Labour Party policy fuels uncertainty
“Second, the Labour Party announced that, if elected to government, they would not
only increase the rate of the tax to 78% but also significantly reduce the amount of capital relief on investment, as compared to the current regime.”
Serica’s chairman continued: “Uncertainty caused by political short termism risks killing off investment across the UK sector of the North Sea and with it the associated high-quality jobs this creates.
“It would seem that the established policy of maximising the economic recovery of the UK’s remaining reserves of oil and gas in support of the energy transition has been abandoned.
“Instead, our politicians appear to have embarked on a race to the bottom with policy aimed at maximising the near-term government take, notwithstanding that this will necessarily accelerate both production decline and the timing of decommissioning.”
Short-term policies will only lead to more, less secure, oil and gas imports
This will in turn reduce the government’s tax take from the North Sea and “serve only to increase imports of oil and gas to the UK”, Mr Latin said.
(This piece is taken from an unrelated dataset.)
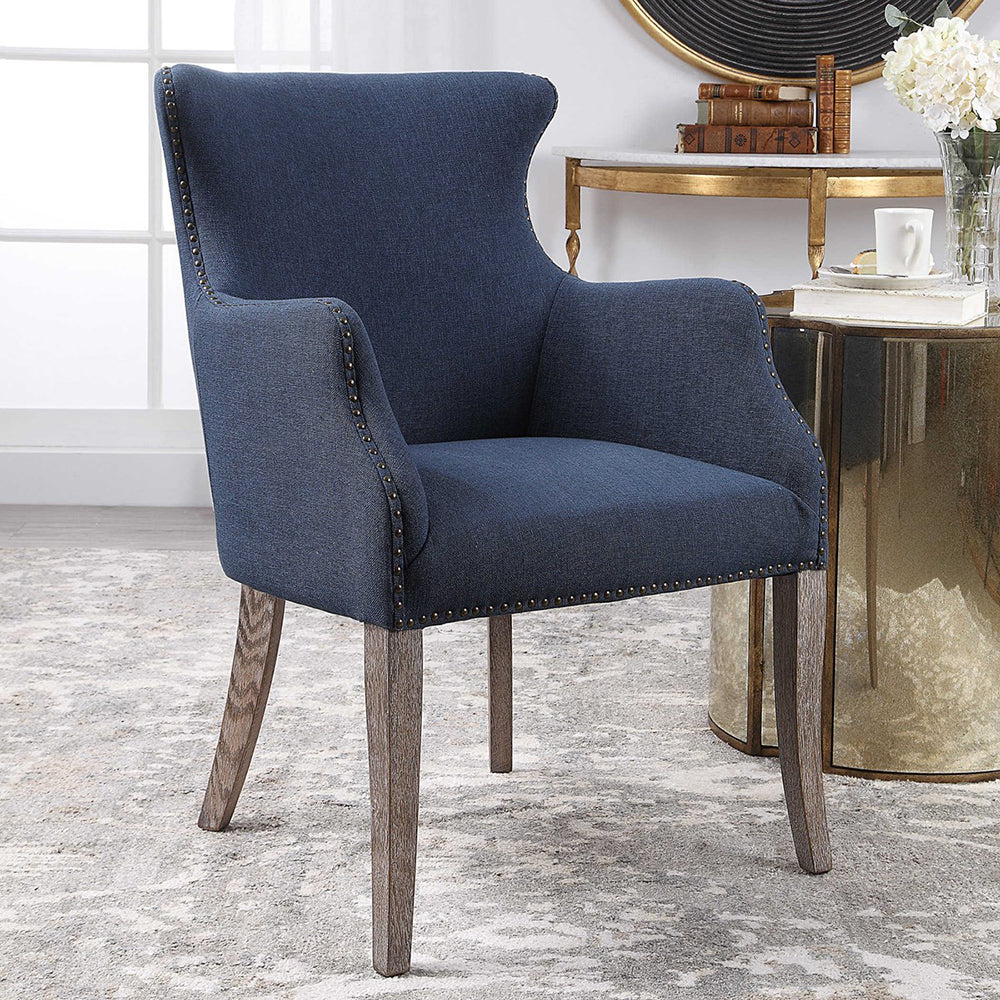 Contemporary Wingback Chair with Nailhead Trim - Blue Linen - Scenario Home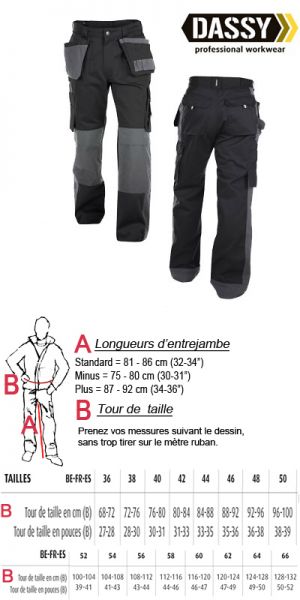 Dassy - Seattle Pantalon de travail noir multi-poches bicolore avec poches genoux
He went on: “Imported production can easily be interrupted, pays no UK taxes, sustains no UK jobs and often involves greater carbon emissions.
“This policy volte face is a sad demonstration of the elevated level of UK political risk which our industry now faces.”
It has also caused all companies operating on the UK North Sea, including Serica, to
reconsider their investment plans, he said.
Mr Latin welcomed a new chief financial officer, Martin Copeland, to the board. Andy Bell has stepped down from the role after announcing retirement plans in February.
Mitch Flegg has also left his role as CEO and will quit the business altogether later this year. Mr Latin is the interim CEO until a permanent successor to Mr Flegg is appointed.
Meanwhile, former Oil and Gas UK/Offshore Energies UK chief executive Malcolm Webb has decided not to stand for re-election as Serica’s senior independent director.
He will step down at the AGM, likely being held in June, but will continue to lead the search for a new CEO as chairman of the London-listed firm‘s nominations committee.
Shares in the company nudged up nearly 0.5%% today, to 194.7p, after it posted pre-tax profits of £305.6 million for last year – down from £488.2m in 2022.
Revenue in the latest period totalled £632.6m, down from £812.4m previously.
Net production during 2023 totalled 35,167 barrels of oil equivalent (boe) per day, up from 26,200boe the year before.
Serica said its latest figures were impacted by lower commodity prices and higher operating costs, offset by nine months of production contribution from its new Tailwind assets. Serica completed its acquisition of Tailwind Energy Investment in March 2023.
Mr Latin added: “In operational terms, 2023 was another year of sound progress.
“Notwithstanding an unexpectedly long summer maintenance shut down, we again delivered within the range of our production guidance, and more than replaced production for the sixth year in succession.”